After the past few weeks, I've decided my favorite place to people watch in Rio is the international arrivals gate at the airport, and the absolute worst is at the city's professional ballet school.
I've been volunteering at a ballet NGO since I moved here, and I've been training a group of kids since last March to audition for the state ballet school, one of the best in the country that feeds right into the city's ballet company. This week they're holding auditions, and one of my students asked me to go with her, since her mom couldn't go. So it began.
I arrived at the school, the entrance hallway filled with parents. My student was getting ready and was one of the last to go up to the studio. I wished her luck and sent her off. I sat down on one of the incredibly uncomfortable benches lining the hallway, where I waited for two hours, with no AC or fans. It was the first time I'd gone to an audition to wait and not actually dance, and the tension was in the air. But since it's Rio, it was at the least entertaining.
The mothers began to gossip. Some already knew each other since their daughters had danced at the school before. Then, one of the groups came out after their audition. Twenty or so girls filed down the stairs, almost all of them in tears, their eyeliner running down their pretty faces, their hopes dashed. I felt horrible, and began to worry about my student. Meanwhile, the mothers fussed over their daughters. One woman, chatting to no one in particular but directing herself at me as if we were old friends, railed on. "My daughter has the technique, but not the body. Why didn't they tell us that when we signed up? We paid R$50! They could have just looked at her and told us then. Ridiculous," she huffed.

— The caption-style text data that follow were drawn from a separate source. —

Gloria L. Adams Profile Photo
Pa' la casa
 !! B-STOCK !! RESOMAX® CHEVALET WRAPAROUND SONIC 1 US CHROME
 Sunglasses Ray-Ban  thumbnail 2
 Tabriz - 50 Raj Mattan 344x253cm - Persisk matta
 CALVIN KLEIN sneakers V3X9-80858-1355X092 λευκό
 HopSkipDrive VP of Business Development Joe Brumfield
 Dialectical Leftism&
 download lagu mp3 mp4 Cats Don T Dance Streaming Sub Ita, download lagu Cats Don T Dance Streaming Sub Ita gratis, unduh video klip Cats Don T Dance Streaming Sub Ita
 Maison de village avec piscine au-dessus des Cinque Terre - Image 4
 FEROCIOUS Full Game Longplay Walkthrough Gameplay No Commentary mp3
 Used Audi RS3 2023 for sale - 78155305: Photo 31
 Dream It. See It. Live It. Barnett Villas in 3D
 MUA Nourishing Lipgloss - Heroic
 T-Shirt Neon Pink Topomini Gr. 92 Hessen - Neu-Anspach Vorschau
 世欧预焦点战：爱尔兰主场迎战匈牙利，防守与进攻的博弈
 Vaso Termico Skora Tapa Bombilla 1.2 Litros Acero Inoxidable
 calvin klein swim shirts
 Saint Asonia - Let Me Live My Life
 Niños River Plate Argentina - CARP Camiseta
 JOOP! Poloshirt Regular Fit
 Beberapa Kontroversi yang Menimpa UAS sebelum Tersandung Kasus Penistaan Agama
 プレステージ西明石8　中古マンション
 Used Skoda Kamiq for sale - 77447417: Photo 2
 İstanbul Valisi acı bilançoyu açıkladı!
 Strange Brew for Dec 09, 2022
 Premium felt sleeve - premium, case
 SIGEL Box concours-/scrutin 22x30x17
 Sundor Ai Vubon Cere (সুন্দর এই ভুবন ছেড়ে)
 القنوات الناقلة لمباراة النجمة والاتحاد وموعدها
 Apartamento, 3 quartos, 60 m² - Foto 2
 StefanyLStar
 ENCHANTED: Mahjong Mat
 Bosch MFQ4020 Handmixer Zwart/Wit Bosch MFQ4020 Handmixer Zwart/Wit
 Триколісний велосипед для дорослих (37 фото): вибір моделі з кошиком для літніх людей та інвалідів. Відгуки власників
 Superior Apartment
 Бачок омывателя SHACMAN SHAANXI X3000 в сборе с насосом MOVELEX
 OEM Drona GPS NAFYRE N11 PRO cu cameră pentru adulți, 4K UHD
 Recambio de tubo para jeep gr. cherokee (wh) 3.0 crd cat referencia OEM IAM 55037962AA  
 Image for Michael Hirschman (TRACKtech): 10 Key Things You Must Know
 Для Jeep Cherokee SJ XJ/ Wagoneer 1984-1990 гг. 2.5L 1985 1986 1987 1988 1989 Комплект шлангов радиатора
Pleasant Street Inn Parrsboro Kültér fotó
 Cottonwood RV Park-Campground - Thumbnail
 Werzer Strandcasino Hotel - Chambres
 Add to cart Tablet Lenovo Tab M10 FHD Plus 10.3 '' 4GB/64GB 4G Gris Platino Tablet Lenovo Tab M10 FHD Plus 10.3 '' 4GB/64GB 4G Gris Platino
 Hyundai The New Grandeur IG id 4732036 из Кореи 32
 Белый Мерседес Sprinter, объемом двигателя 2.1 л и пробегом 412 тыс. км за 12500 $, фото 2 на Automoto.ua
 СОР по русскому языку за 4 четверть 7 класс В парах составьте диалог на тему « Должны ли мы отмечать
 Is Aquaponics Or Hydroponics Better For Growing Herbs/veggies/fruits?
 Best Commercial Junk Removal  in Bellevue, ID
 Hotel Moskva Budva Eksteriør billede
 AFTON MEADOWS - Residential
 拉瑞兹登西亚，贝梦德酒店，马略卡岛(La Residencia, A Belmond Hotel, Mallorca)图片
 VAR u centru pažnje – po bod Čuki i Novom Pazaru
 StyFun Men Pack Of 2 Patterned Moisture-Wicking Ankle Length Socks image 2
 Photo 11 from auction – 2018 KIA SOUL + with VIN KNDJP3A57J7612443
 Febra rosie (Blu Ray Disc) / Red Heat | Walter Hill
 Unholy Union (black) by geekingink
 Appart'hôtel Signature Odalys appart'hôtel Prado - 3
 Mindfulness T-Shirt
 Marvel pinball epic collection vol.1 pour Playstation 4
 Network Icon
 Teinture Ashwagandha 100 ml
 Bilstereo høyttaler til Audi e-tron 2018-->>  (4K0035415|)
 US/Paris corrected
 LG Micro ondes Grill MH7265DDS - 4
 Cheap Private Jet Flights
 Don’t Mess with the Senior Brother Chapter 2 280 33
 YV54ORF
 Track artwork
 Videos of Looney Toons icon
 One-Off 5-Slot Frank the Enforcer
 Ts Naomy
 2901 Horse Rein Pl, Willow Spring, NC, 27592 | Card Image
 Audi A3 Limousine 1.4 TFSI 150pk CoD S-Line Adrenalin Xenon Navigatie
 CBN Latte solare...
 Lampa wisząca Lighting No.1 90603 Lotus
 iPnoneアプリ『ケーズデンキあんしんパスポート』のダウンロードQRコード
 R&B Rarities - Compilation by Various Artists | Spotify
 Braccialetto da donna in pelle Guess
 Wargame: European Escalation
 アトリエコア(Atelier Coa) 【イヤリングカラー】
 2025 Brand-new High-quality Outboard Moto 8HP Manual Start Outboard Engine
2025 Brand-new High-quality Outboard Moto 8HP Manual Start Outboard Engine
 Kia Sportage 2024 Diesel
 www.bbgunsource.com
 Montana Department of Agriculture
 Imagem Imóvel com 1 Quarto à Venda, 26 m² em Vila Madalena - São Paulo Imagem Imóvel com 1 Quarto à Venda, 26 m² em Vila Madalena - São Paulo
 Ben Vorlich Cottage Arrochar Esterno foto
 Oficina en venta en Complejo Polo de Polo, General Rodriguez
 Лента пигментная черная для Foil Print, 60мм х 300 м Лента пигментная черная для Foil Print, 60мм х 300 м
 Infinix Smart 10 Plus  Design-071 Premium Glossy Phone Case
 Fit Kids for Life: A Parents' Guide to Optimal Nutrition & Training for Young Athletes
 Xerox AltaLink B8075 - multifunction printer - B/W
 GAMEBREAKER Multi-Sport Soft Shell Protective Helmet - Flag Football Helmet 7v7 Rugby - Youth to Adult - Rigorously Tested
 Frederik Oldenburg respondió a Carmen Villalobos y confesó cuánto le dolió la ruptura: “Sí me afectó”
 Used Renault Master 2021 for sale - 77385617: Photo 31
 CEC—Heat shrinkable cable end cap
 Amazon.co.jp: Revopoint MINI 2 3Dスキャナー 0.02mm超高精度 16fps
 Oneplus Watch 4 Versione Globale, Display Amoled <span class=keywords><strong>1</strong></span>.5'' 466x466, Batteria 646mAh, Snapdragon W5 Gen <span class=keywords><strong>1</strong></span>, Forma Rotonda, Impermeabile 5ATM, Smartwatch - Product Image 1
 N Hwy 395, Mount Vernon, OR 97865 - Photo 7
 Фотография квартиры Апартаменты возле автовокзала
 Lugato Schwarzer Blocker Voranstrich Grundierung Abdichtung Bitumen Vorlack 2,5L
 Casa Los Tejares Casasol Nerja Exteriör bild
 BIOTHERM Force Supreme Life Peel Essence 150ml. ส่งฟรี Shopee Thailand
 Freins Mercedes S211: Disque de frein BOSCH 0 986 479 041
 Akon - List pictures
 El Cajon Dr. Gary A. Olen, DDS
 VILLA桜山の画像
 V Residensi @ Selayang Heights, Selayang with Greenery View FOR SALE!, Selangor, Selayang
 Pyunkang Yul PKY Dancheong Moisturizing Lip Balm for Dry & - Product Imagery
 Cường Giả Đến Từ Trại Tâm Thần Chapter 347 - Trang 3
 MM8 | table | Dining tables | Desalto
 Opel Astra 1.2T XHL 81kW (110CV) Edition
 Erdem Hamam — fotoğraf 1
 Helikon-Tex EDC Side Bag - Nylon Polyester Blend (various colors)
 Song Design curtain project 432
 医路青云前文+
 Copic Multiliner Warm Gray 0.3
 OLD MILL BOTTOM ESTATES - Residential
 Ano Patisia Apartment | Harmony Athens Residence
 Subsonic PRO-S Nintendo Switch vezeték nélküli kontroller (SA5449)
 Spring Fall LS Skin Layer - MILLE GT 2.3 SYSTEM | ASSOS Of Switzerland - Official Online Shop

Soon after, the enormous woman sitting next to me started chatting to no one in particular and decided to start up a conversation, or rather, a speech interspersed with a few questions directed at me. She told me the life story of her granddaughter, who was auditioning, who had just turned fifteen and was a spectacular dancer of whom she is terribly proud. She told me that her only downfall was her butt, which was a little big for ballet standards which the granddaughter had inherited from her (she showed me, pointing). "I was born with it, what am I going to do?" She asked me a few questions about myself, laughing when I told her I was 24 (you look 16! she said). On and on, round and round she went about the granddaughter's ballet career and festa de quince anos and yadda yadda yadda, and I smiled and nodded the whole way through. Occasionally, I tried to add something to the conversation, not in response to a direct question, and she'd ignore me.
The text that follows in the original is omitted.